■ **Exercise brief**: Where an entry contains a picture, skip the picture and write out everything else exactly.

------------------------------------------------------------------------

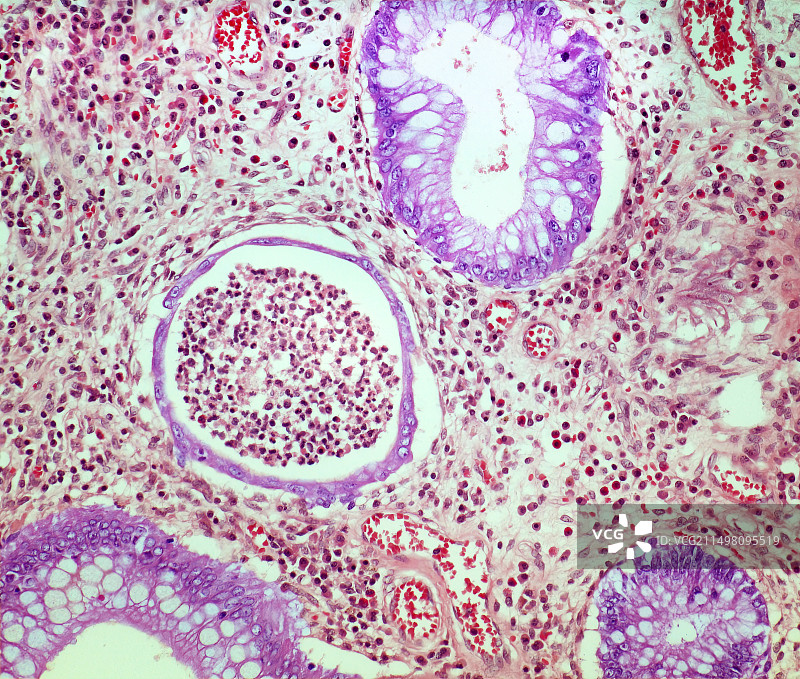 溃疡性结肠炎，LM图片素材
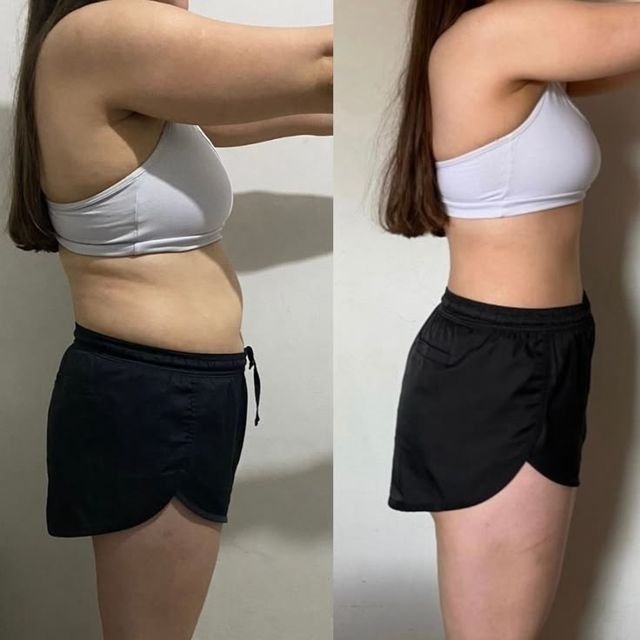 Antes e depois de paciente que perdeu 22 kg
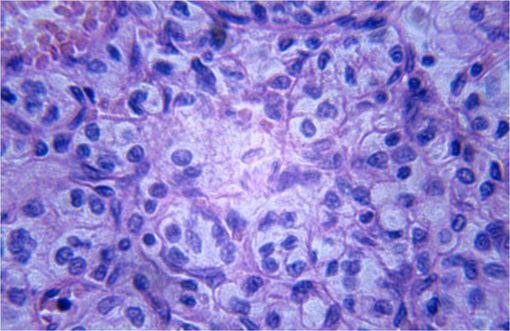 Carcinome rénal (cliché microscopique).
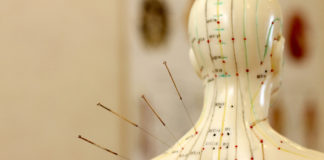Acupuncture may help ease psychological symptoms of opioid addiction acupuncture and opioid addiction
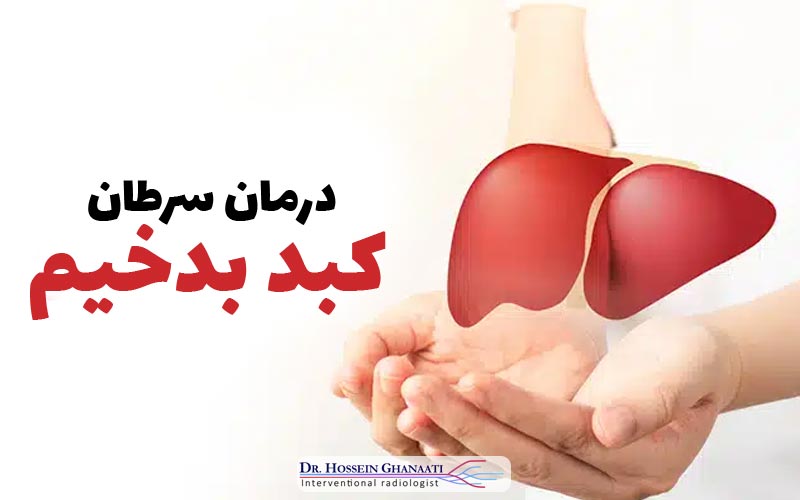 درمان سرطان کبد بدخیم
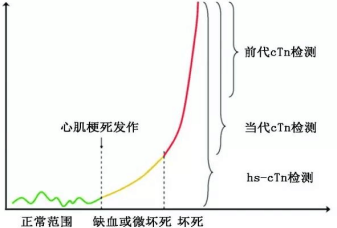 又有新技术？高敏肌钙蛋白技术再再再升级！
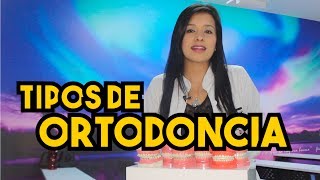 Tipos de BracketsOrtodoncia – Odontología Láser [upl. by Klepac]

------------------------------------------------------------------------

■ **Output below**:
 溃疡性结肠炎，LM图片素材
 Antes e depois de paciente que perdeu 22 kg
 Carcinome rénal (cliché microscopique).
Acupuncture may help ease psychological symptoms of opioid addiction acupuncture and opioid addiction
 درمان سرطان کبد بدخیم
 又有新技术？高敏肌钙蛋白技术再再再升级！
 Tipos de BracketsOrtodoncia – Odontología Láser [upl. by Klepac]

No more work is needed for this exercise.